Background: Individuals with Duffy-null phenotype have lower circulating neutrophils without an increased risk of infection. Duffy-null phenotype is present in about 65-70% of African Americans and ≥75% of sickle cell disease (SCD) patients in the US. Hydroxyurea (HU), a disease-modifying therapy, improves the condition by increasing fetal hemoglobin (Hgb F) production and reducing inflammation. The HU dose is escalated to maximum tolerated dose (MTD), guided in part by the absolute neutrophil count (ANC). While some studies suggest lower HU dosing in SCD patients with Duffy-null phenotype (Menell et al., Goldfarb et al.), others report no significant differences in ANC or HU dosing (Goldfarb et al., Oladipupo et al., Zheng et al.). In addition, SCD-related clinical outcomes between Duffy-null and Duffy non-null phenotypes are conflicting (Oladipupo et al., Zheng et al.) and more data is needed to determine the impact of Duffy status on SCD outcomes, including HU dosing.

Objective: To evaluate the impact of Duffy-null phenotype on hydroxyurea dosing and clinical outcomes in children with SCD.

Methods: A retrospective cohort study was performed on SCD patients (genotype SS, SC, Sβ0 and Sβ+) on MTD of HU therapy at a tertiary pediatric hospital. The study population included children between ages 0-19 years with documented Duffy genotyping who received care at our institution between 01/01/2022 to 12/31/2024. Laboratory data including complete blood counts (CBC), bilirubin, hemoglobin electrophoresis and lactate dehydrogenase (LDH) were collected from patients' routine hematology clinic appointments. Clinical outcomes evaluated include MTD of HU (mg/kg/day), frequency of hospitalizations for SCD related sequalae, abnormal transcranial doppler findings, incidence of stroke, and frequency of red blood cell (RBC) transfusions. We compared demographic characteristics, lab values and outcomes between Duffy-null and Duffy non-null patients using two-sample T test, Wilcoxon Rank sum test, Chi Square and Fischer's exact test where appropriate.
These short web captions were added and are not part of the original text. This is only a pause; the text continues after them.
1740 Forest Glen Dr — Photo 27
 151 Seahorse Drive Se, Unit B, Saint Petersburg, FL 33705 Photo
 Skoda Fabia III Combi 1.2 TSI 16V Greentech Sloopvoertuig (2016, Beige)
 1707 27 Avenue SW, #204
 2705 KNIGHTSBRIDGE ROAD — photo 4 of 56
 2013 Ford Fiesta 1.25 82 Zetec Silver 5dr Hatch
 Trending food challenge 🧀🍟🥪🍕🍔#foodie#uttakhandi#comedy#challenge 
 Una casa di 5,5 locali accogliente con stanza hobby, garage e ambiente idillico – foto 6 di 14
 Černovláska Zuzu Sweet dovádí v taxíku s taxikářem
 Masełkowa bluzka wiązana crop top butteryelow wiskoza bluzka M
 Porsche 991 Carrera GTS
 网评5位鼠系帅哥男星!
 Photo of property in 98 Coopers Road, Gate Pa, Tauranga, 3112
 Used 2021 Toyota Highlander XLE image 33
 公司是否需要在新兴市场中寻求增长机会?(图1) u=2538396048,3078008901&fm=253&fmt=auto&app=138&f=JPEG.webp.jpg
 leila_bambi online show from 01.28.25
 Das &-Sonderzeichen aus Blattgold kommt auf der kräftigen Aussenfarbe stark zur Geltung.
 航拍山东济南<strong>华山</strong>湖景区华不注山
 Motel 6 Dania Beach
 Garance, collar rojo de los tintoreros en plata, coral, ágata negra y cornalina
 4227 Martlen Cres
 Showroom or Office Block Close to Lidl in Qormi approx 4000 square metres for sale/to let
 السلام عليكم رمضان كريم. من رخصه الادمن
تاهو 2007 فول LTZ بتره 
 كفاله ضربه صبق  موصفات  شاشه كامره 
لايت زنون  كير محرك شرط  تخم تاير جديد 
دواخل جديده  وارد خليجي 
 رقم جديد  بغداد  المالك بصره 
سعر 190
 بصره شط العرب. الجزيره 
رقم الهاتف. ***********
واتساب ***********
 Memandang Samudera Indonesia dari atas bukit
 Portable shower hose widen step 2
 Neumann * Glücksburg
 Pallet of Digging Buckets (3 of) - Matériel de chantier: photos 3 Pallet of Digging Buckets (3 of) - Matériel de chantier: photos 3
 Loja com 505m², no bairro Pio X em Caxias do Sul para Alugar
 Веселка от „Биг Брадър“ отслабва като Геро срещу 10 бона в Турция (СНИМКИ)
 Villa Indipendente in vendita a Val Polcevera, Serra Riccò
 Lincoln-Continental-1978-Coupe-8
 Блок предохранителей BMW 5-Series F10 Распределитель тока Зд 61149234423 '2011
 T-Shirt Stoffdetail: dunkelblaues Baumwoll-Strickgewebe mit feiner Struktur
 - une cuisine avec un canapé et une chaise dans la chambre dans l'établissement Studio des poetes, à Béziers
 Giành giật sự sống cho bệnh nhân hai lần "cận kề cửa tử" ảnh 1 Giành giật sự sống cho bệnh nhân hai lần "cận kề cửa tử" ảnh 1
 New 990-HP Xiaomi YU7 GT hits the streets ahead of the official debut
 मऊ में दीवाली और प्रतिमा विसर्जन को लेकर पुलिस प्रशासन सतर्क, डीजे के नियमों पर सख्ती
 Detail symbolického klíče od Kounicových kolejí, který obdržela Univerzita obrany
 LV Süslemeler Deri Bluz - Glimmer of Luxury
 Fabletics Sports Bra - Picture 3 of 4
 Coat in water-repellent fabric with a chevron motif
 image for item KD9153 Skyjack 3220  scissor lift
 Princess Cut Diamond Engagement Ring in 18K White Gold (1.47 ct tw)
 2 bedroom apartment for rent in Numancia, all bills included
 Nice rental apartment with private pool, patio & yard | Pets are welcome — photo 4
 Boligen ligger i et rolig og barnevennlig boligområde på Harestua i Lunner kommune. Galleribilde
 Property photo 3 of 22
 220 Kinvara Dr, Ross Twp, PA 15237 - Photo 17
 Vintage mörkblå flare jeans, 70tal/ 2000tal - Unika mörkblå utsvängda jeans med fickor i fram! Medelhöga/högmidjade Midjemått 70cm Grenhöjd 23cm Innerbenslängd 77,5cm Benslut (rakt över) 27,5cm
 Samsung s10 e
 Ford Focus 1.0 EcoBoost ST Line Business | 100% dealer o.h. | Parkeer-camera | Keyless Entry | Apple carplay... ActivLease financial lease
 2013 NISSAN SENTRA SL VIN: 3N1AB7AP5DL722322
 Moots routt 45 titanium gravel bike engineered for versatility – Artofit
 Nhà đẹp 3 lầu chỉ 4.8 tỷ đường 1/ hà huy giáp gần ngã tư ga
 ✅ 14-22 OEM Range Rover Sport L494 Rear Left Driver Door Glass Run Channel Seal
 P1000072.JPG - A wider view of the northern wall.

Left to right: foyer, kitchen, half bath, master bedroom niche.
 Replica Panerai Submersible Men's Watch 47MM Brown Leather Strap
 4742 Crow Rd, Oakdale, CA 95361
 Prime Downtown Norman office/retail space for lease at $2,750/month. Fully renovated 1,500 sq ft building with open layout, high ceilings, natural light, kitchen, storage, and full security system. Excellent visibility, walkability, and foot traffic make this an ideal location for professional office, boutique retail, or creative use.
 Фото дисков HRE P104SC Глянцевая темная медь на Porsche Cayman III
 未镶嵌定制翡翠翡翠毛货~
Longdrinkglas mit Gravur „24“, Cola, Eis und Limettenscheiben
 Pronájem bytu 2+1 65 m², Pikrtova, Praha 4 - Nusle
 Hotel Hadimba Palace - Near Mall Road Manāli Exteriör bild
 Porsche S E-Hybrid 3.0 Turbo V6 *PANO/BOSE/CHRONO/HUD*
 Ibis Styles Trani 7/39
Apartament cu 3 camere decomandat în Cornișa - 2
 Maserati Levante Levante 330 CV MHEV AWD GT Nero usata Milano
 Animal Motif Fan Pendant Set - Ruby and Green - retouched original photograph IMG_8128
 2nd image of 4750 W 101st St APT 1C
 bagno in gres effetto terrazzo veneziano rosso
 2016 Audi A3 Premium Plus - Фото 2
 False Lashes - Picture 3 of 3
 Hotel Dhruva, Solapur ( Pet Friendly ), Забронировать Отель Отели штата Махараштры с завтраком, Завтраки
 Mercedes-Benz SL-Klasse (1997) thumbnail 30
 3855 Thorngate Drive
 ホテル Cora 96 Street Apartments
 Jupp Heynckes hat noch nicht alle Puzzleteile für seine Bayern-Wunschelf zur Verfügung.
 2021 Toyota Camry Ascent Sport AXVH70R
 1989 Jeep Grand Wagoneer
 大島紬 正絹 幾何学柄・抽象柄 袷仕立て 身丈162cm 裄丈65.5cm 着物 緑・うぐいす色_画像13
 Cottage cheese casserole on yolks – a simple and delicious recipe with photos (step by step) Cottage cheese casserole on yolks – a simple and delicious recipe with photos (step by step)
Results: We collected data from 85 eligible study participants, 61 (71.8%) of which were Duffy-null and 24 (28.2%) of which were Duffy non-null. There were 31 females (50.82%) in Duffy-null group and 13 females (54.17%) in Duffy non-null group. There were 7 Duffy-null patients and 4 Duffy non-null patients on chronic transfusion therapy. Laboratory values including white blood cell (WBC), hemoglobin (Hgb), hematocrit (HCT), mean corpuscular volume (MCV), absolute reticulocyte count, ANC, bilirubin, and LDH were not statistically different between Duffy-null and Duffy non-null SCD patients on HU therapy. HU dosing was not significantly different between Duffy-null (mean 24.77 ± 5.75 mg/kg/day) and Duffy non-null patients (mean 23.79 ± 8.26 mg/kg/day, p=0.60). There was also no significant difference between the number of RBC transfusion events between Duffy-null (mean 4.24 ± 9.95 events) and Duffy non-null (mean 4.91 ± 8.63 events, p=0.38) patients on HU therapy. The number of hospitalizations within the 2-year period from 01/01/2022 to 12/31/2024 showed no difference between Duffy-null and Duffy non-null participants (mean 2.49 ± 3.70 vs mean 2.42 ± 2.90, p=1.00). There was a similar distribution of abnormal (Duffy-null 5.45% vs Duffy non-null 9.52%), normal (Duffy-null 78.18% vs Duffy non-null 80.95%), and conditional (Duffy-null 16.36% vs Duffy non-null 9.52%) middle cerebral artery (MCA) velocity in transcranial doppler ultrasound (TCD) between Duffy-null and Duffy non-null (p=0.63). There were no significant differences in the incidence of stroke between Duffy-null and Duffy non-null groups (14.85% vs 12.50%, p=1.00).

Conclusion: Among pediatric patients with SCD on HU therapy, there were no significant differences in laboratory values including ANC between Duffy-null and Duffy non-null patients. There were also no significant differences in clinical outcomes including MTD of HU, number of RBC transfusions, incidences of abnormal TCDs and stroke or hospitalizations for SCD related sequalae. These findings suggest Duffy-null status may not impact MTD of HU and clinical outcomes in children with SCD.